Which lines run from the one containing "Game Thumbnail" to the end of the records? Write them out exactly, both ends included, and nothing else.

--- EXTRACTED INFORMATION Enclosed Below ---

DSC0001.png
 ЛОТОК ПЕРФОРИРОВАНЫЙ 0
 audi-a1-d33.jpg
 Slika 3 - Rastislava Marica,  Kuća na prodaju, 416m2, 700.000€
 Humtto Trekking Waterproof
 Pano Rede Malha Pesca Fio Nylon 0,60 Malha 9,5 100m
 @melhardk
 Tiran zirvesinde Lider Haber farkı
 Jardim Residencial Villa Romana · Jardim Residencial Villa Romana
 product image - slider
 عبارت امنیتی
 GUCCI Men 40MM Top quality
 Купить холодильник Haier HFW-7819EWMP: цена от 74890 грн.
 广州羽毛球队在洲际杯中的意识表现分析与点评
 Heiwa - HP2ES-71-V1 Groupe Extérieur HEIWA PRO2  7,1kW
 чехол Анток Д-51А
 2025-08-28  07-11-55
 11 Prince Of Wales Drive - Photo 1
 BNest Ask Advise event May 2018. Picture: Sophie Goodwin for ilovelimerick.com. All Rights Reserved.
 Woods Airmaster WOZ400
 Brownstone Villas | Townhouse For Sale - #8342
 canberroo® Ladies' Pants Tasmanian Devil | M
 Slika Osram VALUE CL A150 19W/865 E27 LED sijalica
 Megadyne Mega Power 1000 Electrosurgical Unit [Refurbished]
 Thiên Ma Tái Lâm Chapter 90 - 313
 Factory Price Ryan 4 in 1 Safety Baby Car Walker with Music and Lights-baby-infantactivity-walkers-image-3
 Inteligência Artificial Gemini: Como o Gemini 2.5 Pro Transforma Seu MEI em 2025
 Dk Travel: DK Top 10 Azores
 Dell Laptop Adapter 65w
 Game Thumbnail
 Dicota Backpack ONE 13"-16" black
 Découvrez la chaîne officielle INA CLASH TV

--- End of Enclosed EXTRACTED INFORMATION ---

> RESPONSE BOX
 Game Thumbnail
 Dicota Backpack ONE 13"-16" black
 Découvrez la chaîne officielle INA CLASH TV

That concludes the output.